Matthew Khoriaty comments on Taking the Training Wheels Off: Aligning LLMs without Personas

Matthew Khoriaty 3 Jun 2026 0:01 UTC
1 point
0
I’m unsure what you mean. I consider the pretraining data to be the issue, not the particular language or output that the AI generates. If you pretrain on moral humans then convert your model to a neuralese model, then the model still has representations of good human personas.
I do agree that Personaless Alignment is a dual-use research direction in that it may benefit capabilities (you’re doing crazy things to a misaligned AI to try to get it to be good), but I consider its capability risks likely smaller than the benefit to alignment. Once the details of the experimental approaches are pinned down, it would be easier to say.
- Canaletto 3 Jun 2026 19:34 UTC
  1 point
  2
  Parent
  So, you plan to experiment with MuZero type stuff, where you train an agent with no human imitation learning whatsoever?

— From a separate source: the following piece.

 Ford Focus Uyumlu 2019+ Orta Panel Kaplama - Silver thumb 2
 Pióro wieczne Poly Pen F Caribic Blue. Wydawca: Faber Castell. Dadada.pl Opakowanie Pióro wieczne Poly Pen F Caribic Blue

  - Matthew Khoriaty 4 Jun 2026 3:27 UTC
    1 point
    0
    Parent
    I’m not planning to pursue Personaless Alignment at the moment, since I am about to do an AI Control research fellowship with Redwood.
    I don’t think the right path is to try starting from Zero pretraining. Pretraining is and will continue to be a huge benefit to capabilities, and aligning the most capable models is the goal. I’m saying that we should separate pretraining for capabilities from the alignment that can come from eliciting aligned personas from pretraining. I’m not sure exactly how to do this, but it would likely involve starting with carefully filtered large models.